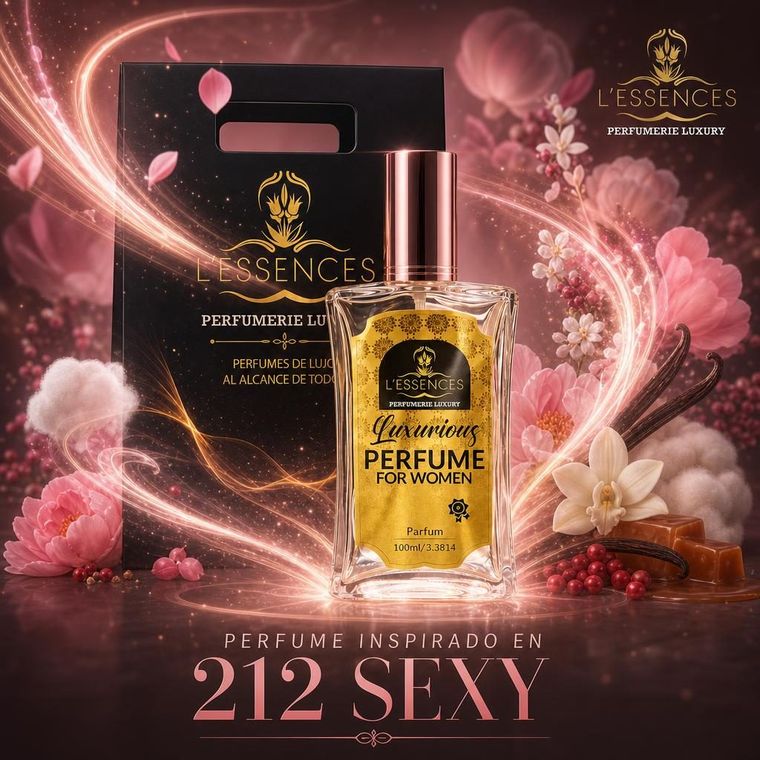 212 Sexy · versión L'ESSENCES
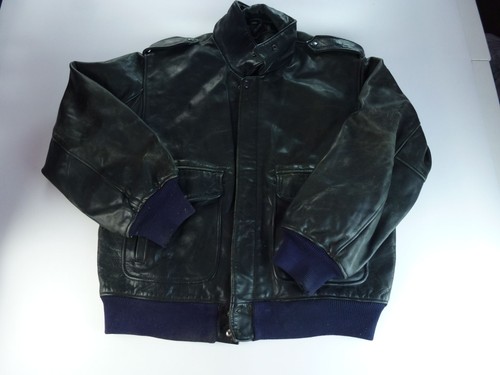 Leder bomberjacke herren - leder,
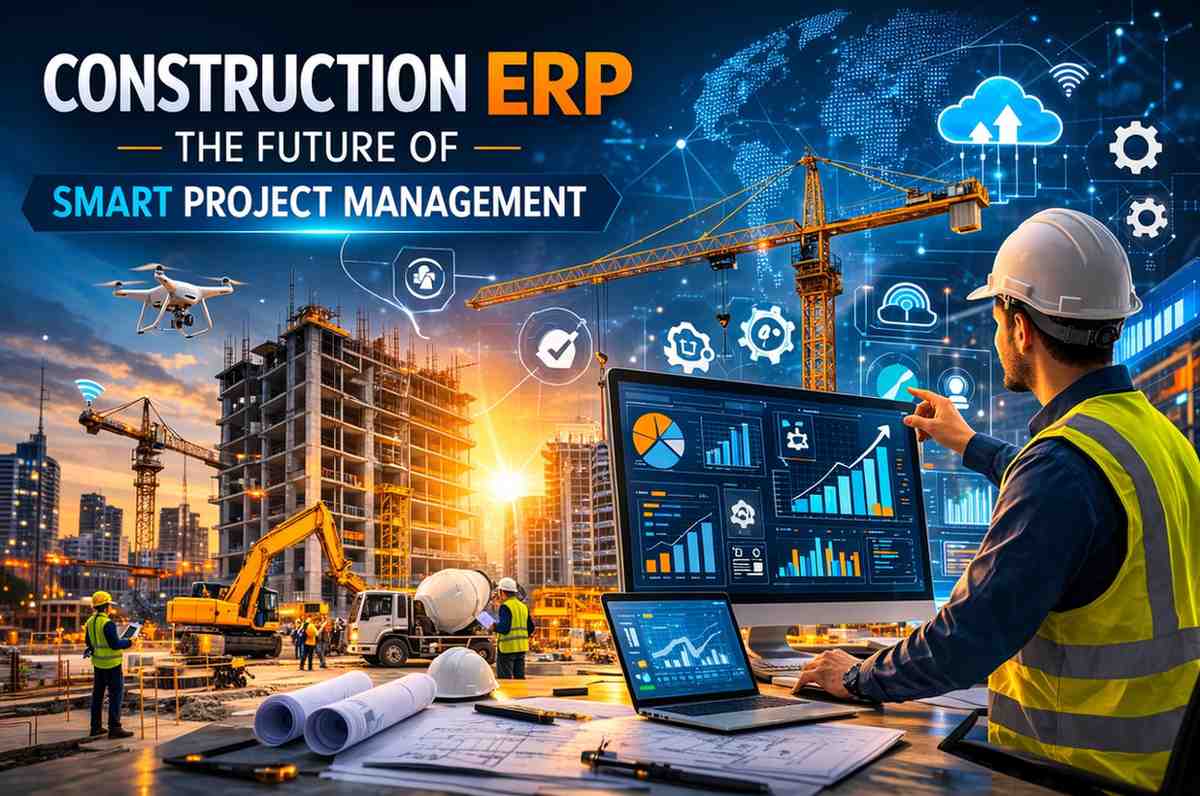 Construction ERP: The Future of Smart Project Management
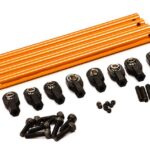 Replacement Upper Suspension Linkage Set 130mm for Rock Crawler SS01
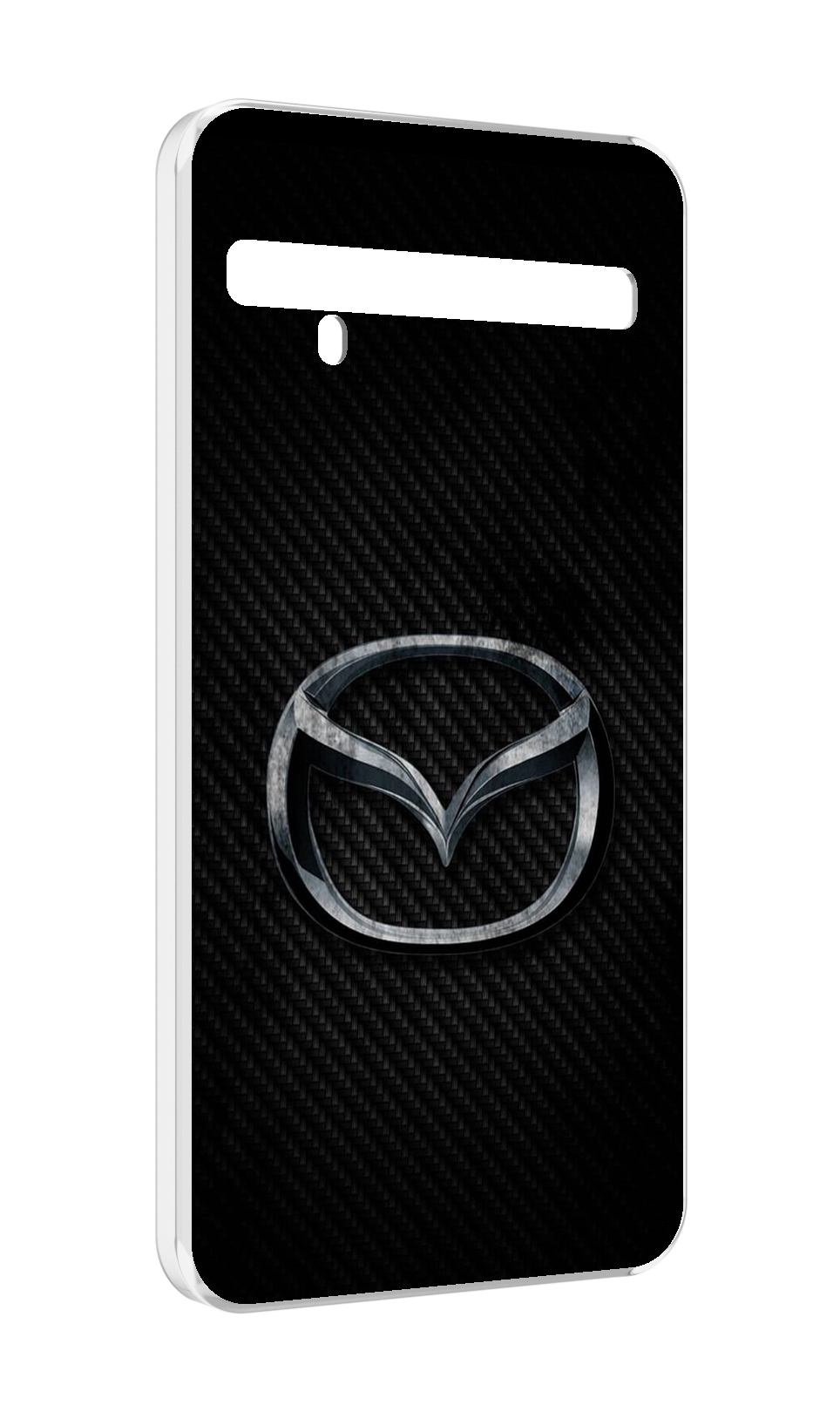

Чехол MyPads mazda 1 женский для TCL 10 Pro / TCL 10 + Plus, Прозрачный, Tocco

**ABOUT THIS EXERCISE:** Could you give the material again exactly as it stands, omitting any image?

**OUTPUT BELOW:**
 212 Sexy · versión L'ESSENCES
 Leder bomberjacke herren - leder,
 Construction ERP: The Future of Smart Project Management
 Replacement Upper Suspension Linkage Set 130mm for Rock Crawler SS01

Чехол MyPads mazda 1 женский для TCL 10 Pro / TCL 10 + Plus, Прозрачный, Tocco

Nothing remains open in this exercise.